Metadata-Version: 2.1
Name: phyfum
Version: 0.2.0
Project-URL: Documentation, https://github.com/unknown/phyfum#readme
Project-URL: Issues, https://github.com/unknown/phyfum/issues
Project-URL: Source, https://github.com/unknown/phyfum
Author-email: pbousquets <pbousquetsm@gmail.com>
License-Expression: MIT
License-File: LICENSE.txt
Classifier: Development Status :: 4 - Beta
Classifier: Programming Language :: Python
Classifier: Programming Language :: Python :: 3.7
Classifier: Programming Language :: Python :: 3.8
Classifier: Programming Language :: Python :: 3.9
Classifier: Programming Language :: Python :: 3.10
Classifier: Programming Language :: Python :: 3.11
Classifier: Programming Language :: Python :: Implementation :: CPython
Classifier: Programming Language :: Python :: Implementation :: PyPy
Requires-Python: >=3.7
Requires-Dist: argparse
Requires-Dist: numpy
Requires-Dist: pandas
Requires-Dist: snk
Requires-Dist: typing
Requires-Dist: yattag
Description-Content-Type: text/markdown

# Phyfum

[![PyPI - Version](https://img.shields.io/pypi/v/phyfum.svg)](https://pypi.org/project/phyfum)
[![PyPI - Python Version](https://img.shields.io/pypi/pyversions/phyfum.svg)](https://pypi.org/project/phyfum)

-----

**Table of Contents**

- [Quick start](#quick-start)
- [Installation](#installation)
- [Preparing the sample sheet / metadata](#preparing-the-sample-sheet--metadata)
- [License](#license)

## Quick start

Phyfum allows two different workflows. If you're working with raw data (IDAT files), you can try to run phyfum in __complete__ mode.

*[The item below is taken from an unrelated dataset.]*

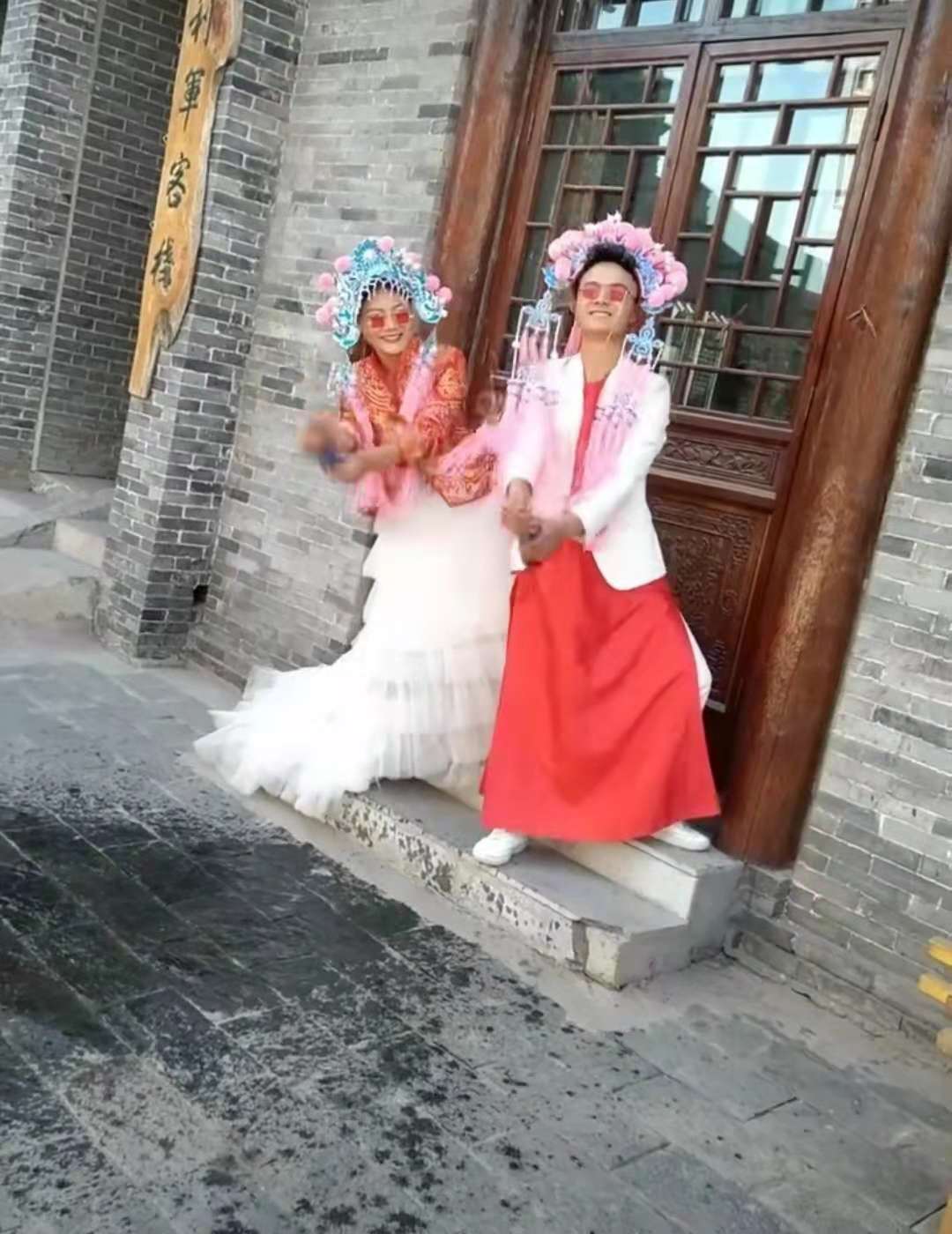 婚纱改装_婚纱情侣头像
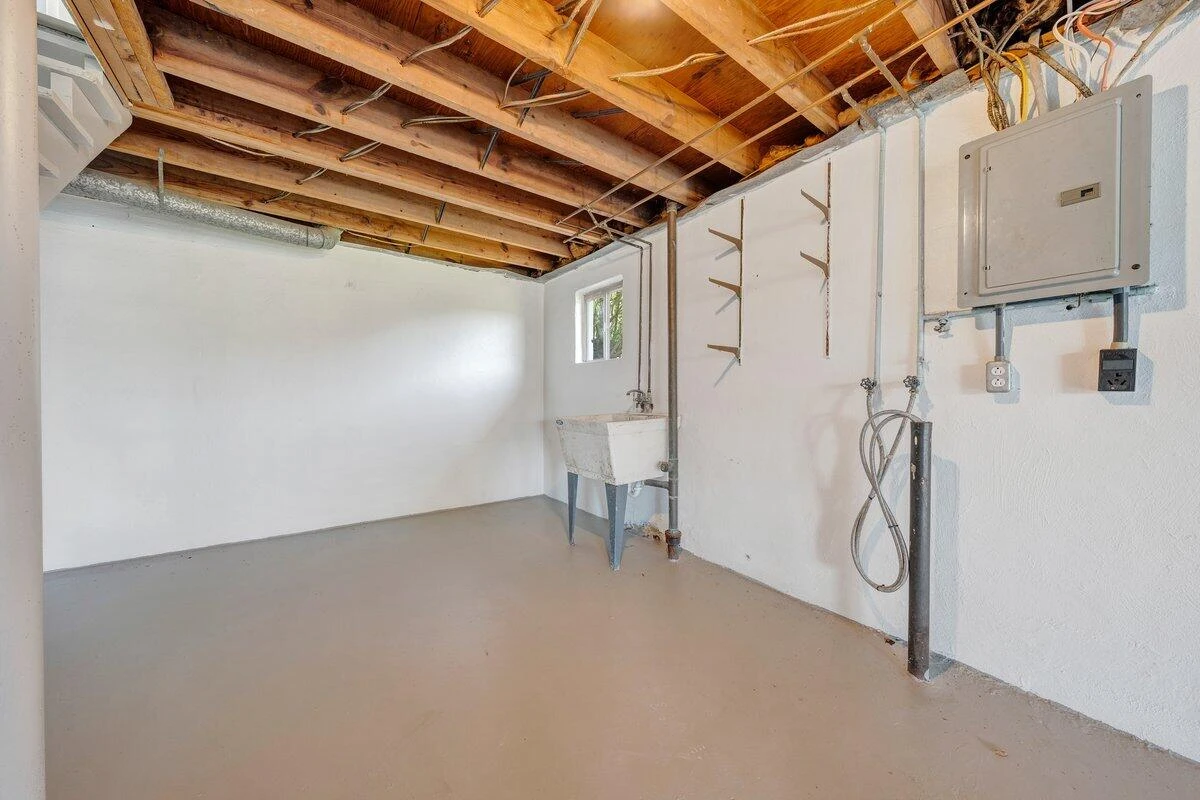 3754 Norway AVE - Photo 28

It will preprocess the files with [minfi](https://bioconductor.org/packages/release/bioc/html/minfi.html). If needed and if normal samples are available, it will also run a copy number pipeline based on [rascal](https://github.com/crukci-bioinformatics/rascal). This will allow to blacklist fCpGs that won't fluctuate as the model expects. 

An example run for this workflow would look like this:

```{bash}
phyfum run --input /path/to/epic_array --output experiment1 --workdir experiment1 --patientinfo /path/to/epic_array/sample_sheet.csv --patient-col patient --age-col age --patient-col Patient --sample-col Sample --stemcells 3-10-3 
```

In case you already have the beta values, you can run phyfum in __trees__ mode. The pipeline will simply deploy the XMLcreator tool to format the input data as expected by [BEAST](https://beast.community/) and run the inference.

```{bash}
phyfum run --input /path/to/exampleBeta.csv --output onlybetas --workdir onlybetas --patientinfo /path/to/meta.csv --patient-col patient --age-col age --stemcells 3-10-3
```

Phyfum detect what kind of input are provided and select automatically what workflow is needed.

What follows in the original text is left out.